▶ **Problem**: With the pictures omitted, print exactly the lines below, from the one containing "Зимний базовый приятный" through the one containing "Secundaria Melchor Ocampo", and nothing else.

▶ **Provided records**:
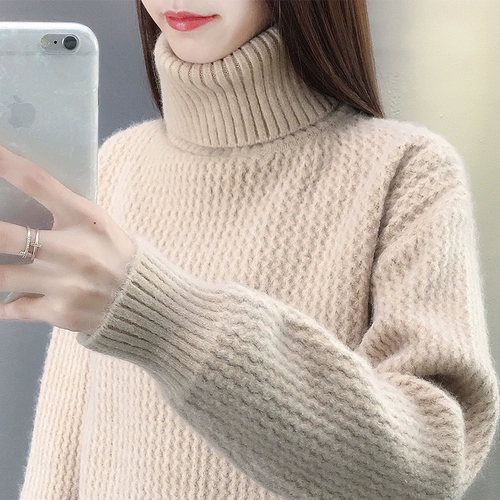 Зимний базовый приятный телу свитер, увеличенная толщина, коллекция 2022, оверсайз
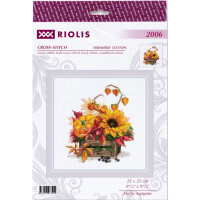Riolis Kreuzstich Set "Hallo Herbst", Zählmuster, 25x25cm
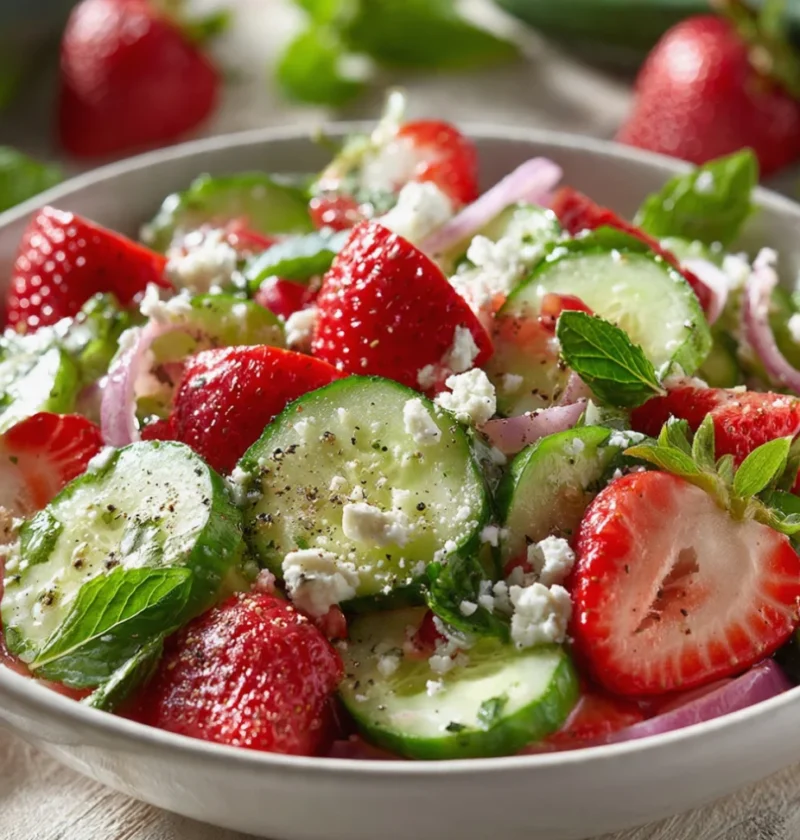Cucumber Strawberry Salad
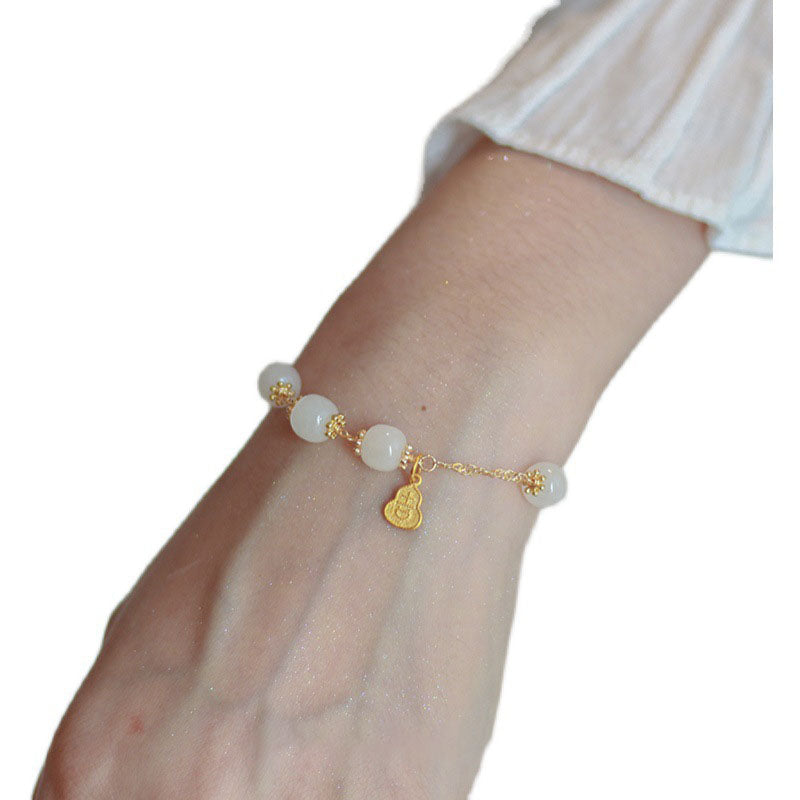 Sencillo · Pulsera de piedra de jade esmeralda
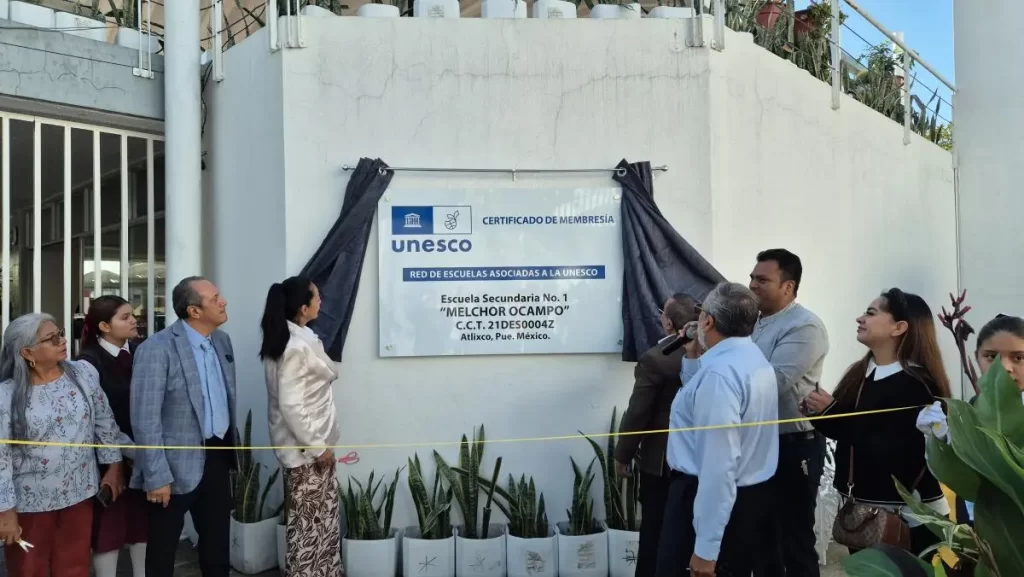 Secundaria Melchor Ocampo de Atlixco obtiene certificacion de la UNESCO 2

--

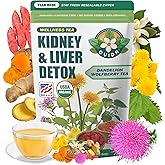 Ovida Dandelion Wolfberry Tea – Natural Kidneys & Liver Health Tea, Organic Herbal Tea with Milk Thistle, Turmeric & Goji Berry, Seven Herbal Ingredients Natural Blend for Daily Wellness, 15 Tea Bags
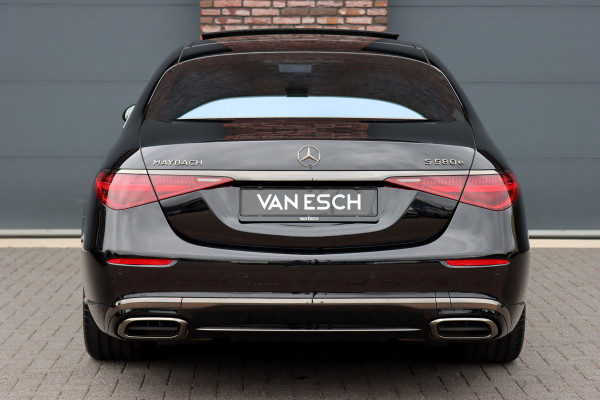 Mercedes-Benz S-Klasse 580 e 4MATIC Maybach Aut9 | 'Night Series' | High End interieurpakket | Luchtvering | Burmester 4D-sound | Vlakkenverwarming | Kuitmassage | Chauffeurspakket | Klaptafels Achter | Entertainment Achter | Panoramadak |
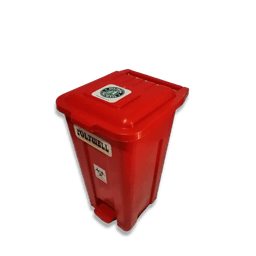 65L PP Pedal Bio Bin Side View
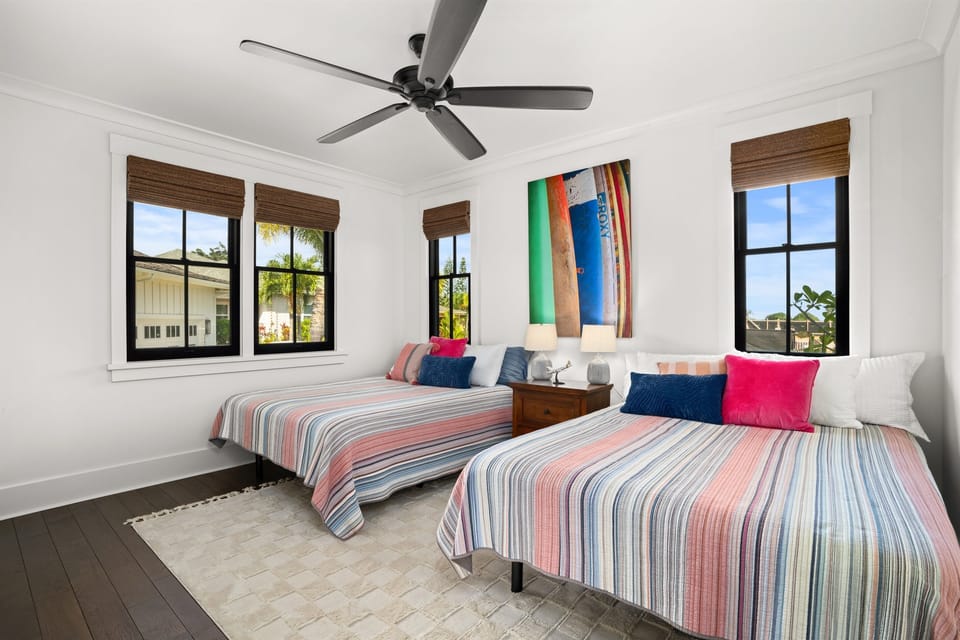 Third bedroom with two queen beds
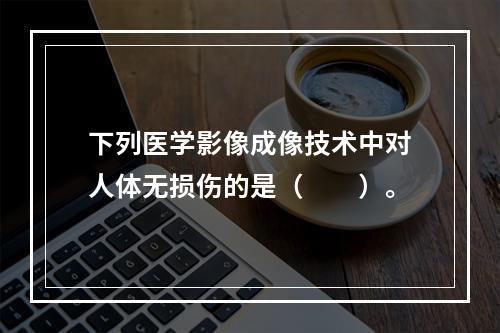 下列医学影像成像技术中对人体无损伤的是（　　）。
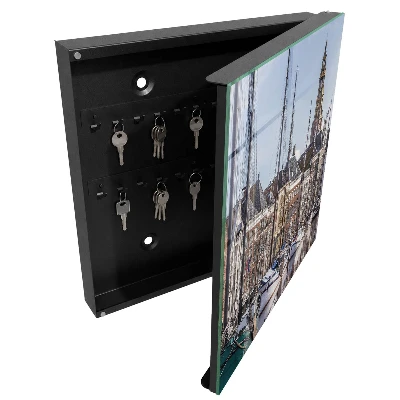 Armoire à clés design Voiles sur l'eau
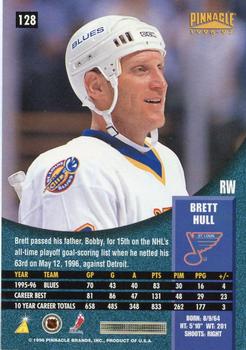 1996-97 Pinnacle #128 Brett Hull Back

▶ **Expected output**:
 Зимний базовый приятный телу свитер, увеличенная толщина, коллекция 2022, оверсайз
Riolis Kreuzstich Set "Hallo Herbst", Zählmuster, 25x25cm
Cucumber Strawberry Salad
 Sencillo · Pulsera de piedra de jade esmeralda
 Secundaria Melchor Ocampo de Atlixco obtiene certificacion de la UNESCO 2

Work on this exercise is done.